History

History

The origins of Burundi are known only through oral history and archeology. There are two great legends about the emergence of Burundi. The most publicized one speaks of a Rwandan called Cambarantama and who founded the nation. The other version, mostly circulated during the pre-colonial period of Burundi, tells about the Cambarantama that came from the southern state of Buha. The Rwandan constituent elements of the kingdom were promulgated by the European settlers so that they fit their visions that the ruling class came from a Northwest hobbyist region. This theory continued to be the main dogma of the Burundian state. Historians are skeptical about the homicidal origin of the Tutsi ethnicity, but their ancestors are still believed to have migrated from the north, settling in the 15th century on the territory of the state of Burundi. The earliest evidence of the existence of a Burundi state dates back to the 16th century and it appears on the hills in the east. In the following centuries, this has expanded, with the smaller regions competing with Rwanda. The greatest development of the state took place under the leadership of Ntare Rugama, who ruled the nation between 1796 and 1850 and doubled the territory of the kingdom.

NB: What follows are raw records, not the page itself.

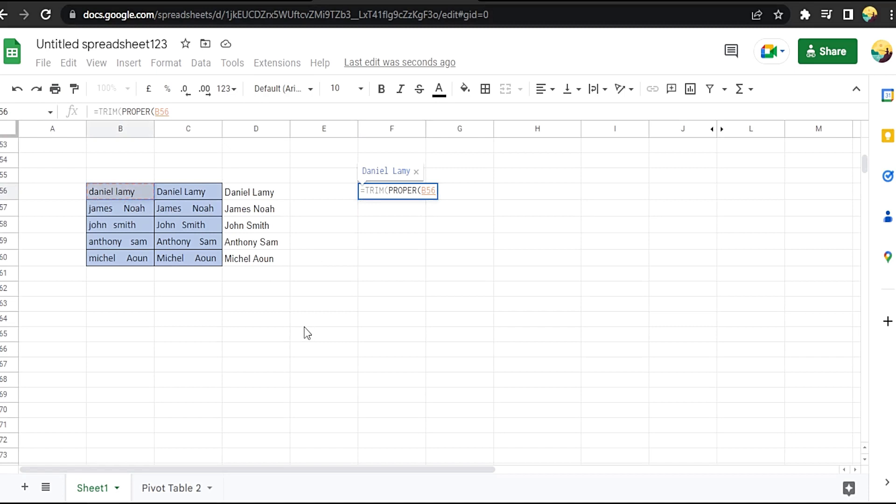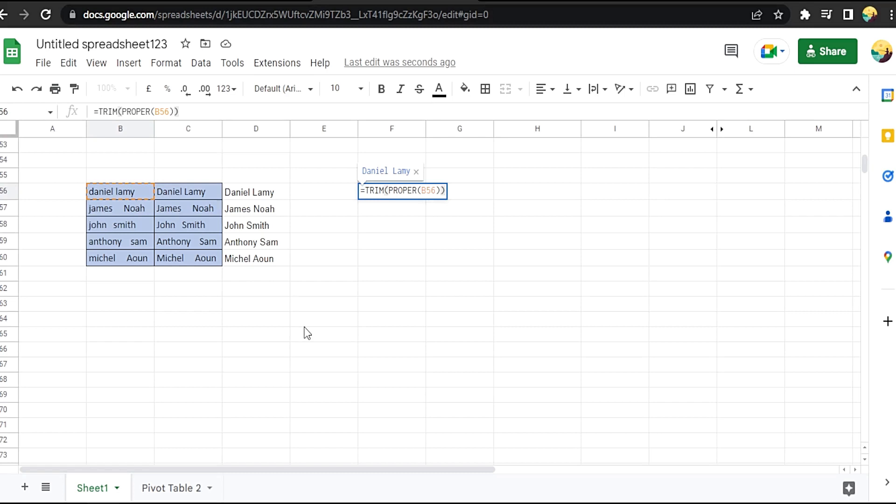Press enter. It will capitalize the letters and remove the extra spaces. Just drag it down.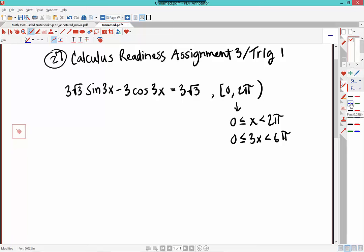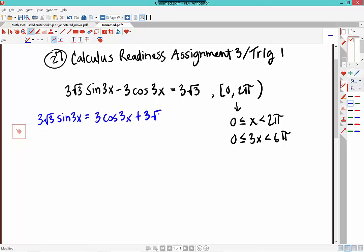So now let's work on this. I have a sine function to the first power and a cosine function to the first power. I can't use any of the Pythagorean identities unless I square both sides. So we want to get one trig function on the other side. I'm going to rewrite this as 3 root 3 times sine at 3x is equal to 3 times cosine at 3x plus 3 root 3.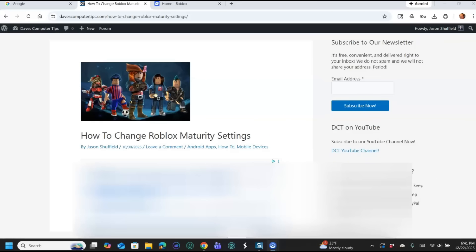Hi, this is Jason with Dave's Computer Tips with another how-to video for you. This week we're going to stick with the Roblox subject matter. Last week we went over how to change your display name in your Roblox account, and that's the name that appears above you in your games so people can identify you.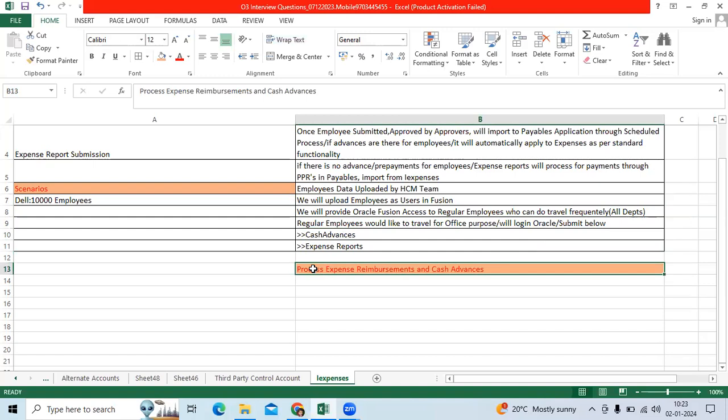This is one of the critical programs which we need to schedule in BUIs to identify eligible invoices to be imported to AP. And regularly once imported, if it is payable required, it will be run by the PPR process. Thank you.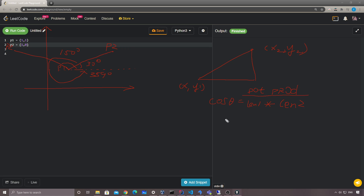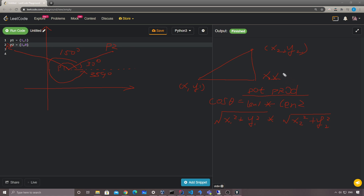For length one, we have the square root of x1 squared plus y1 squared. Same thing for length two: square root of x2 squared plus y2 squared. And for the dot product, it's x1 times x2 plus y1 times y2. That's how we define the cosine.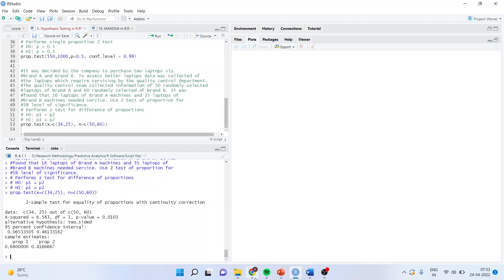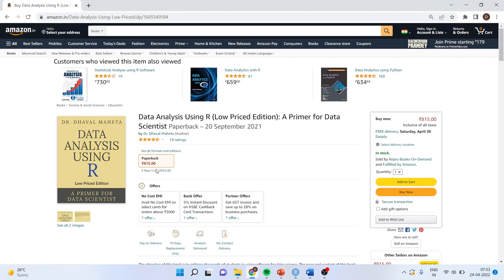All these codes which I am discussing here are available in my book, Data Analysis Using R by Dr. Dhaval Mehta. This book is available on amazon.in as well as amazon.com. For more videos on R, you can subscribe to my channel and follow me on LinkedIn and Twitter.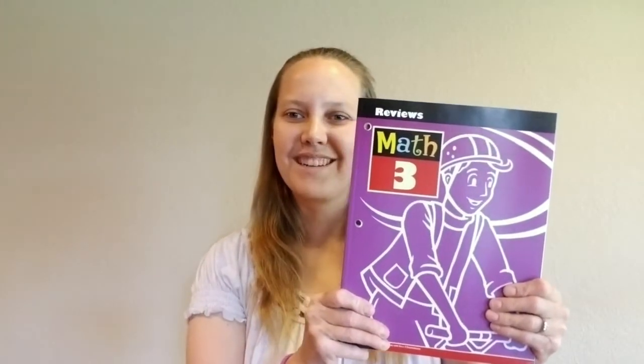There are several parts to the Math 3 kit. The first is the Math 3 Teacher's Edition, the Math 3 Student Work Text, the Math 3 Student Review Book, the Math 3 Review Answer Key, and finally the Math 3 Student Manipulative Packet.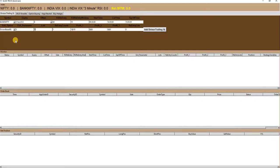Welcome to the demonstration video of Algo Trading Software offered by Algo Tech. This software is designed to trade in index options, wherein various option buying and option selling strategies are available to trade.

The Burundi Kingdom has been characterized by a hierarchical political authority and tributary economic exchange. The King, called mwami, led a princely aristocracy (ganwa), who owned most of the earth and charged taxes and tributes from local farmers and cattle farmers. In the mid-eighteenth century, the tutsi kingdom strengthened its authority over land, production, and distribution, with the development of comfort - a patron-client relationship in which the population received protection from the king in exchange for tribute and permanence on those lands.

Although European explorers and missionaries made short visits to the region in 1856, Burundi became part of East German Africa only in 1899. Unlike the Rwandan monarchy that has decided to accept German domination, Bourgeois King Mwzi Gisbao opposed to European influence, refusing to wear European-style clothes and resisting the penetration of missionaries and administrators from Europe. The Germans used the armed force to impose themselves, and although they caused great damage to the kingdom, the king's power remained intact. Eventually, the Germans supported one of the king's giants, Maconco, in the rebellion against Gisbao. The smaller kingdoms along the shores of Lake Victoria were also annexed to the Burundian territory.